The Trump administration on Monday announced that it is expanding expedited removal of undocumented immigrants who have been in the United States for less than two years.
The Department of Homeland Security, in a notice published in the Federal Register, says it will expand expedited removal nationwide to individuals who are inadmissible to the US under INA 212(a)(6)(C) or (7) and have lived in the country for less than two years.
Expedited removal is a process for deporting certain non-citizens from the US without a court hearing before an immigration judge. Currently, expedited removal is only used to deport non-citizens inadmissible under INA §§212(a)(6)(C) and (a)(7), and only if the non-citizens are encountered within 100 miles of the US border and have not been physically present in the US continuously for 14 days.
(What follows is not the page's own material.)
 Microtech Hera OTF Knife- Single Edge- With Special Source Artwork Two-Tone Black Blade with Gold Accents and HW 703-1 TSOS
This includes only individuals without valid US entry documents, “who commit fraud or misrepresent a material fact to obtain admission, or who falsely claim U.S. citizenship. “
Under the new guidelines, the program will be extended to include non-citizens inadmissible under INA §§212(a)(6)(C) and (a)(7) who do not have proof of being physically in the US for at least two years, regardless of there Immigration and Customs Enforcement (ICE) or Customs and Border Protection (CBP) encounters them.
The American Civil Liberties Union (ACLU) and other civil and immigration rights groups have vowed to sue the administration to reverse this new guideline.